None of these arguments dissuaded Yamamoto and Ganji, who responded just as aggressively. To force the general staff into agreement, Kuroshima moved up the navy’s annual war games to September from November and included a private analysis of Operation Z.
Prime Minister Fumimaro Konoye at this moment realized that the only way he could avoid war with America was through a personal, face-to-face meeting with Roosevelt. Knowing that War Minister Hideki Tojo would be opposed to such a strategy, Konoye sent General Naruhiko Higashikuni, an uncle of the emperor’s who had spent his childhood in France, to talk sense to the army minister. At their meeting, Higashikuni shared with Tojo that French general Marshal Pétain and Premier Georges Clemenceau had predicted that, because of the power struggle in the Pacific, the United States and Japan were destined to go to war, a war Japan was destined to lose due to America’s greater industrial power. Tojo replied that if the present course of history continued, Japan as a nation would disappear; that the chance of winning a war was fifty-fifty; and that it was better to fight than to do nothing and lose one’s country. Higashikuni then said that since both Hirohito and Konoye wanted a meeting with Roosevelt, that Tojo should accede to their wishes. Tojo grudgingly agreed, telling Konoye that, if things did not go as the prime minister hoped, “You shall not resign your post as a result of the meeting on the grounds that it was a failure. Rather, you shall be prepared to assume leadership in the war against America.”
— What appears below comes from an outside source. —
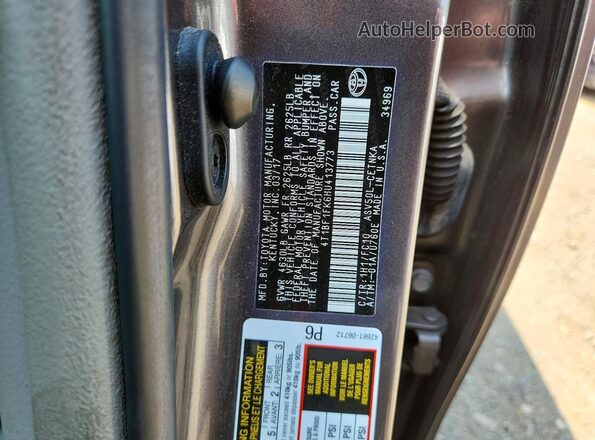 4T1BF1FK6HU413773 2017 TOYOTA CAMRY Gray ძრავის განყოფილების ხედი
Konoye ordered Nomura on August 7 to arrange a summit with FDR, but the ambassador immediately ran into obstacles. Americans had a very low opinion of the prince since he had previously been prime minister when the army committed its barbaric war crimes and he was originally a vociferous supporter of allying with the Nazis. Even the sympathetic Joseph Grew said that Konoye was “saddled with the responsibility for some of the worst acts of banditry on the part of Japan which have been recorded in international history.” Combining this résumé with their thinking that the Japanese were racially duplicitous—a viewpoint seemingly confirmed both by MAGIC and by the betrayal of Nomura’s diplomatic negotiations with the invasion of Indochina—Cordell Hull and Henry Stimson didn’t consider Konoye’s summit offer sincere, saying, “The invitation is merely a blind to try and keep us from taking definite action.” They knew the prime minister didn’t have the full force of the government behind him and assumed that, regardless of the results of any meeting with Roosevelt, Japan’s generals wouldn’t significantly alter their battle plans.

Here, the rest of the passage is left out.